NORMAN — When you commit the rest of your life to a significant other, eventually you absorb characteristics of that person.
Prior to my marriage, I never watched a football game. I never cared for basketball, either. I also didn’t know that it was a slap in the face to any chef if you put steak sauce on your ribeye.
Now, I’m not saying that I love football or basketball, but I do have a better understanding and I’ve grown to appreciate that my husband enjoys watching sports. But, I have to add, that I still put steak sauce on my ribeyes. That won’t change.
And that street goes two ways. My husband has learned that when we drive up on an accident or anything that deems itself “breaking news” that I’m going to spring into action and either call the reporter on duty or start snapping photos myself. He also knows that if he sees news happen, he had better call me and let me know.
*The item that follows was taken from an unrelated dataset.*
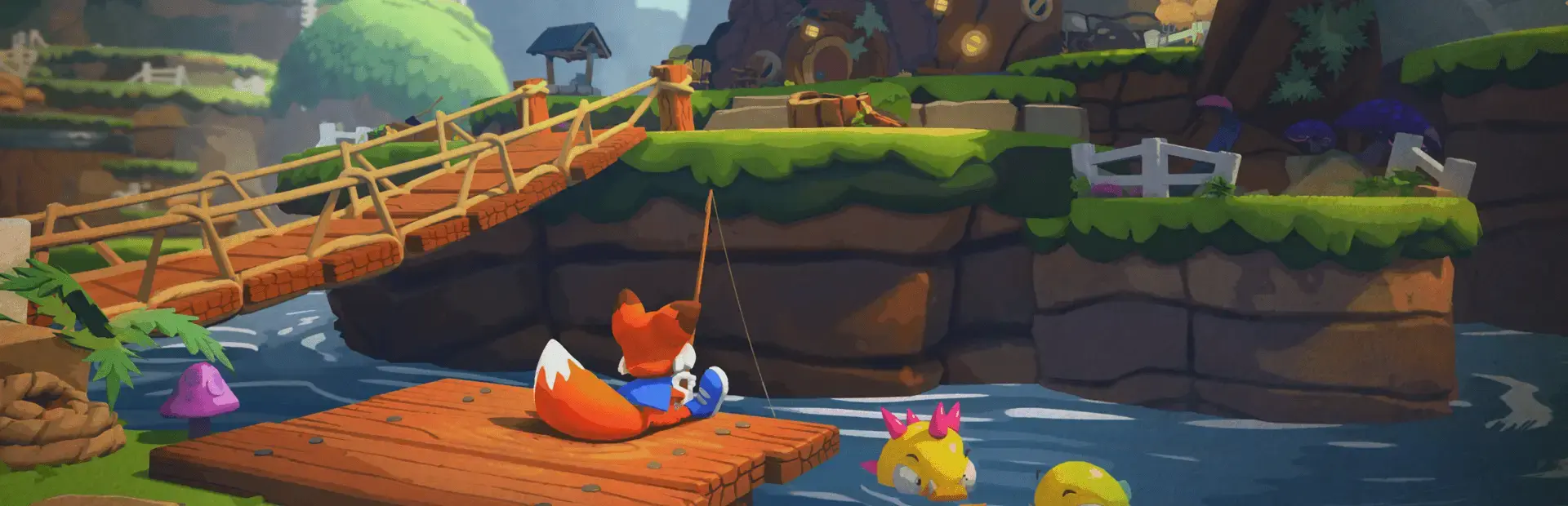 Super Lucky's Tale background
It’s hard to learn to be the spouse of a journalist. We never know when we will be home. You never know if we will be nice or not when you call us during the afternoon. Sometimes deadlines or other irritants get under our skin and we are just downright cranky.
I’ve always wondered if my husband really got it, if he really understood what it was like to be a journalist. But I don’t have to wonder any more.
On Wednesday afternoon, I got a call from my husband saying he’d be a bit late to our lunch date because he’d just witnessed a police officer shoot a suspect near his office. Not your normal excuse for running behind schedule, so I asked him to repeat that information.
I’m not used to being the news, I’m used to reporting the news. I admit I got a bit flustered after his call. I honestly didn’t know how to process that information. But after I remembered the number to the newsroom, I called in what had just happened and I rushed to the scene. I couldn’t get there fast enough, but this time it wasn’t so I could break the story. This time it is was so I could make sure my beloved was OK.
He had only been a few feet away from the incident, and where we come from, things like this just don’t happen. Luckily, he was fine, just a bit shaken up. I was, too.
I had a hard time that day deciding who I was going to be. Reporter or wife. I hope it’s a decision I never have to make and I would like to thank my coworkers and bosses for understanding that maybe my first instincts to be a reporter were not the right ones. Those instincts, by the way, lasted about 10 seconds until I saw my husband. I knew he was safe. I knew he had just seen something horrific. And I knew I had to be a wife.
That afternoon I watched my husband tell his eyewitness account to several police officers. He stood strong. He was able to give details that most would have probably forgot. He was able to help piece together a very unfortunate situation so that those involved could figure out the best plan of action. He did it all and kept himself calm. Something very few people, myself included, probably couldn’t do. And, as a wife, I’ve never been more proud.